* _What you need to do_: In the records below, find the line containing "Tshukudu Game Lodge" and return it together with every later line, exactly as written; pictures are to be omitted.

_____

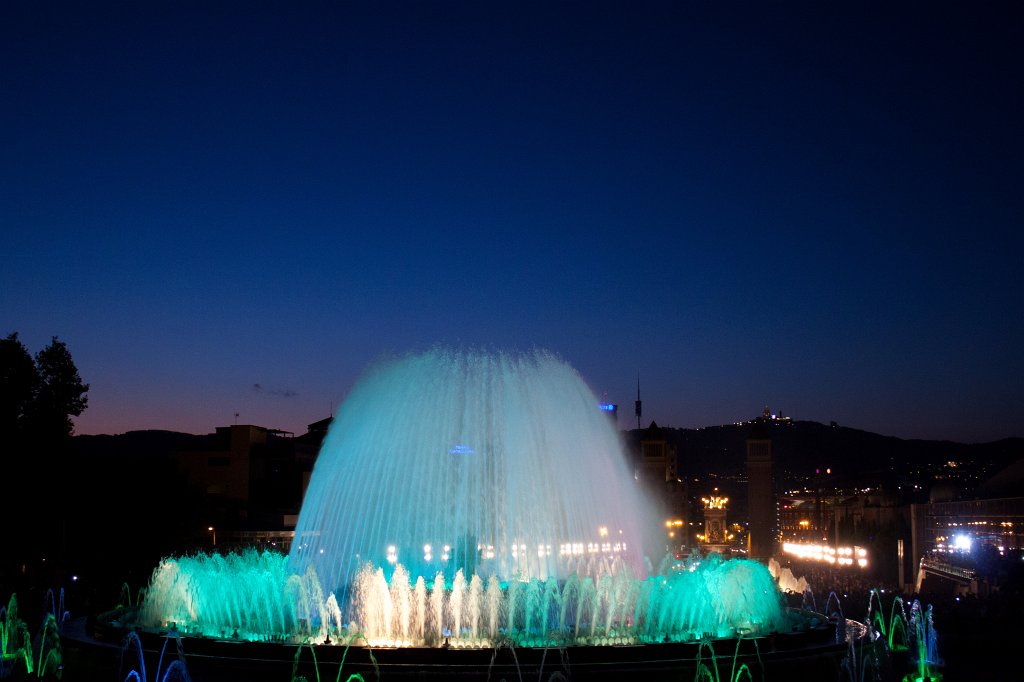 IMG_4743_c.jpg -  Font màgica de Montjuïc  - water, light and music show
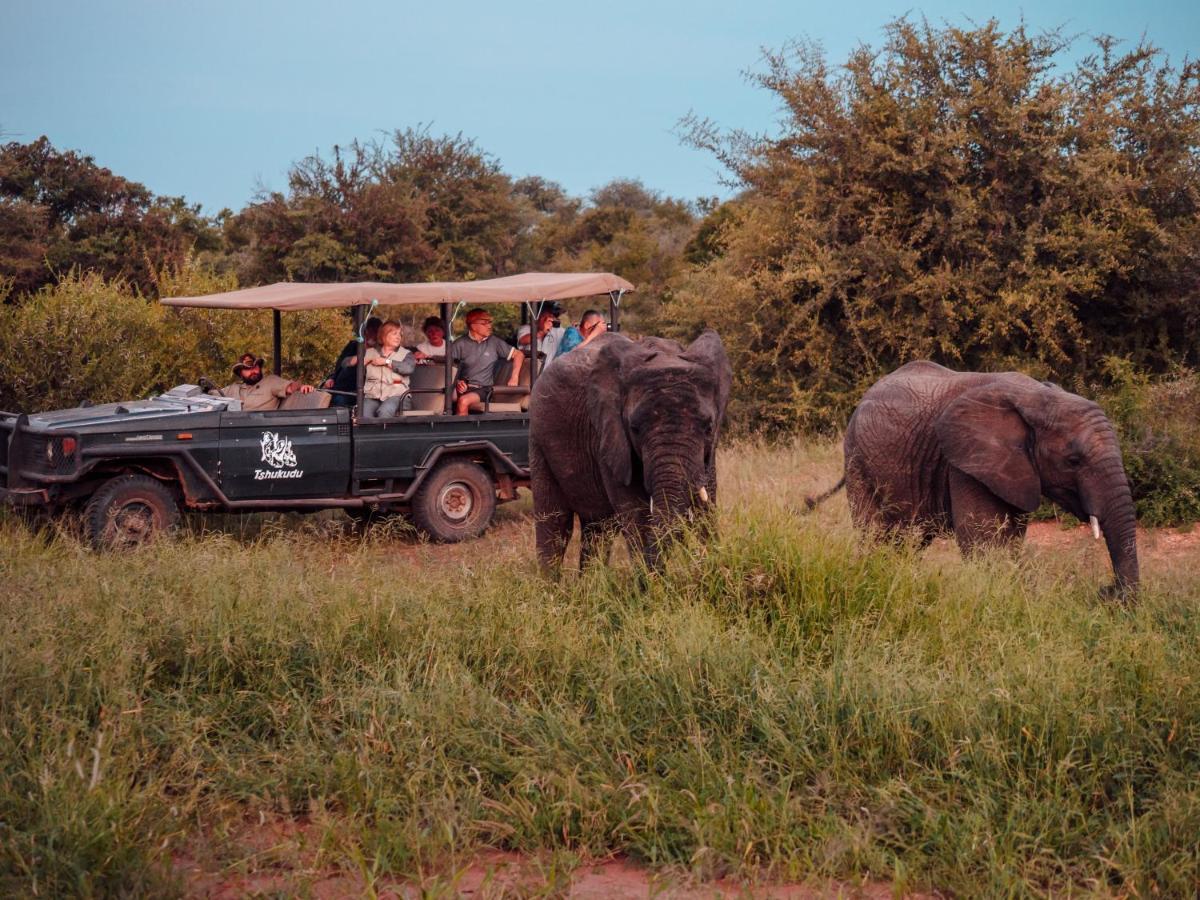 Tshukudu Game Lodge Hoedspruit Buitenkant foto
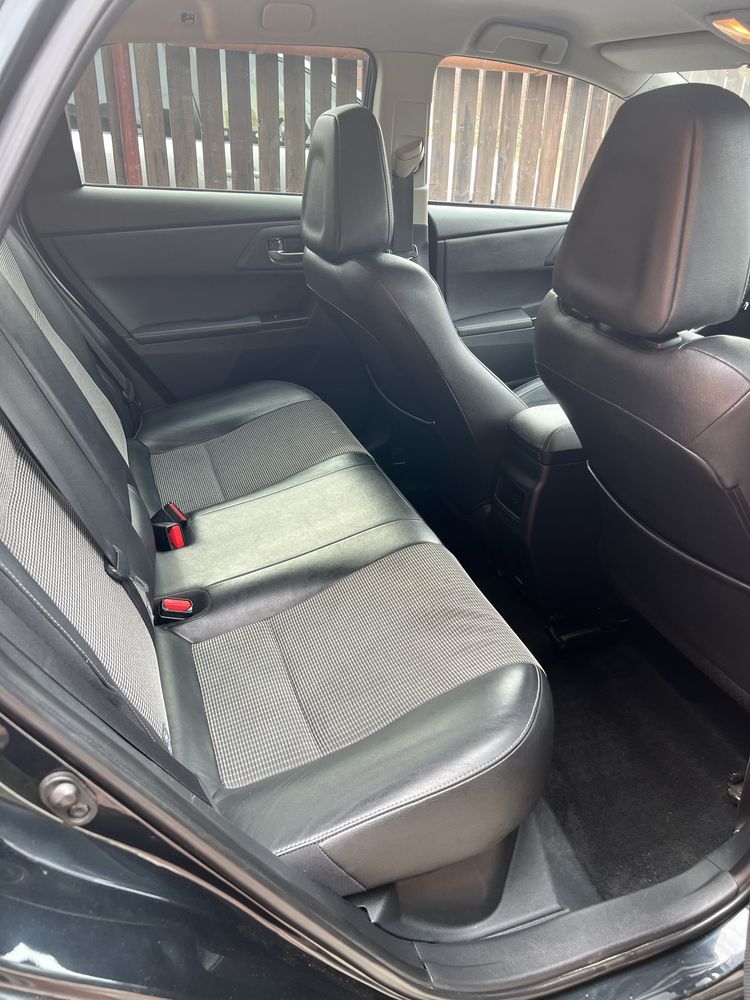 Vand Toyota Auris 1.8 Hybrid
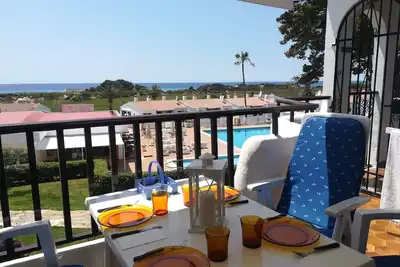 Image de Son Bou Appartement T3 Ă 300 m de la plage avec splendide vue mer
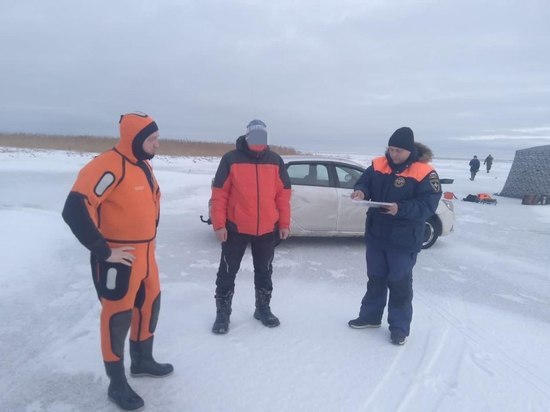 Спасатели из Новой Ладоги вновь вышли на Ладожское озеро в поиске рыбаков-нарушителей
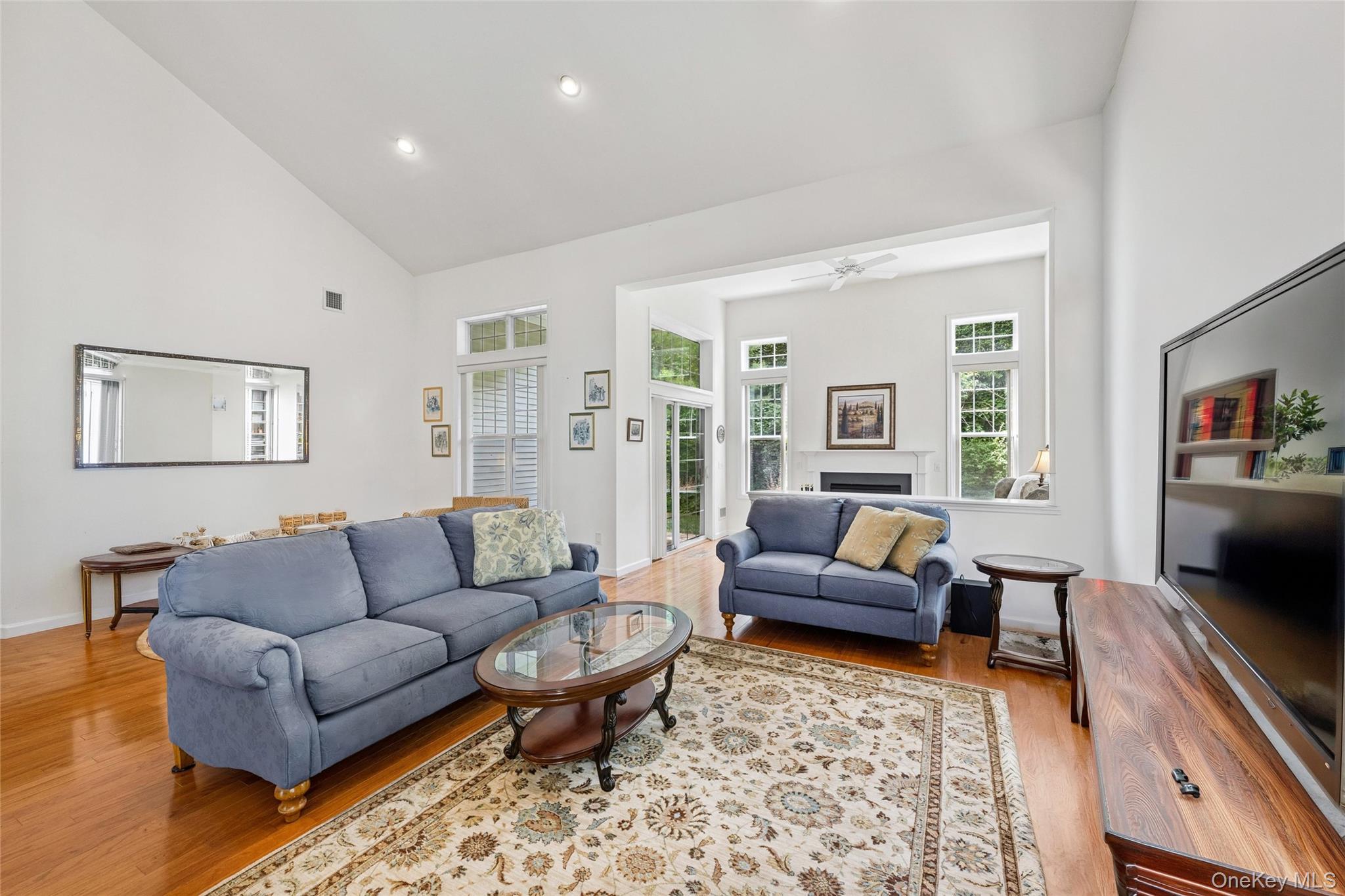176 Melody Court Property Photo 8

_____

* _Result for this task_:
 Tshukudu Game Lodge Hoedspruit Buitenkant foto
 Vand Toyota Auris 1.8 Hybrid
 Image de Son Bou Appartement T3 Ă 300 m de la plage avec splendide vue mer
 Спасатели из Новой Ладоги вновь вышли на Ладожское озеро в поиске рыбаков-нарушителей
176 Melody Court Property Photo 8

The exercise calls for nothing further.